Despite the growing attention to PROs in the peer-reviewed literature and by regulatory bodies, and the growing use of PRO measures in oncology trials,15 leveraging the patient perspective in drug approval decisions and reflecting the patient voice in drug approval documents has been challenging, as is evident by the lack of the patient perspective in US cancer drug labels.16 Acknowledging this disparity, Kitchen and colleagues provided considerations to help oncology drug developers maximize their chances in achieving PRO-based label claims, including that drug sponsors systematically plan for PRO data collection by providing a clear rationale and blueprint for the PRO measurement strategy.17
The objective of our article is to provide oncology researchers, and those involved with building oncology drug development programs, with tools to systematically plan for PRO data collection, particularly in relation to US drug labeling. We therefore review (1) regulatory and measurement terminology to provide a context for describing the use of PROs to test efficacy hypotheses in oncology clinical trials; (2) challenges drug sponsors face with a PRO-based measurement strategy; and (3) research tools and strategies that outcomes researchers can use to overcome those challenges.
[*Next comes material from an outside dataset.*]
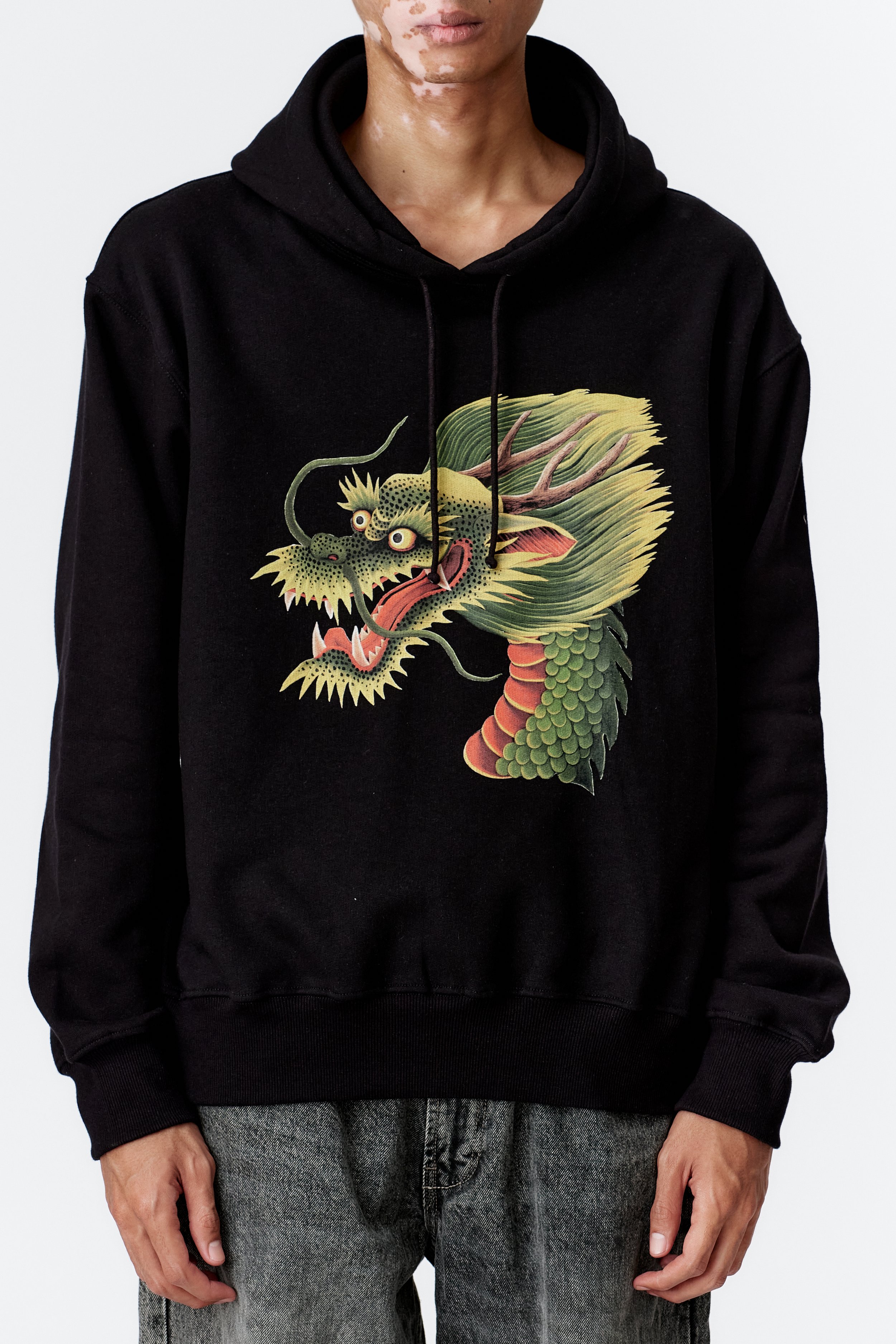 Detailed view of bristling scales, sharp fangs, and yellow whiskers on dragon graphic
Outcomes-Focused Nomenclature for Oncology Researchers
Much has been written regarding the use of PROs in oncology trials. The use of PROs is a positive advancement; however, clinical researchers are confronted by the inconsistent and/or erroneous use of measurement nomenclature in the published literature and within the healthcare industry.18 The lack of consistent language poses unique challenges for researchers in cancer trials because of the relative novelty of PROs in that space.
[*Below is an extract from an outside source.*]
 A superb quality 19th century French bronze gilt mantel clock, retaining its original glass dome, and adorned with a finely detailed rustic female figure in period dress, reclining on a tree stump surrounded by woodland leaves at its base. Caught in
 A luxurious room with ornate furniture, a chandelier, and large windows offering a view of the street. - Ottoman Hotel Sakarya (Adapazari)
Given that this nomenclature applies to scientists representing clinical, commercial, statistical, medical, and regulatory perspectives, it is not surprising that this terminology may not be familiar to researchers. It is critical for drug developers to align their scientific, regulatory, and commercial goals with their measurement goals; key relevant terms are therefore discussed in this article.
In addition to legitimizing the use of PROs and other clinical outcome assessments as the basis for evaluating new medical treatments, the FDA’s “Patient-Reported Outcome Measures: Use in Medical Product Development to Support Labeling Claims” (hereafter referred to as the PRO Guidance) describes the type and quality of evidence that researchers need to substantiate the use of a given PRO questionnaire to support their claims in drug labeling.19
This PRO Guidance also includes a glossary from which many terms have been adopted and expanded in other US regulatory guidances, including the “Clinical Trial Endpoints for the Approval of Non-Small Cell Lung Cancer Drugs and Biologics”2 and the “Drug Development Tools Qualification Programs.”20 Similar glossaries have been listed elsewhere,21 and the International Society for Quality of Life Research built a Dictionary of Quality of Life and Health Outcomes Measurement,22 which was subject to public review and comment.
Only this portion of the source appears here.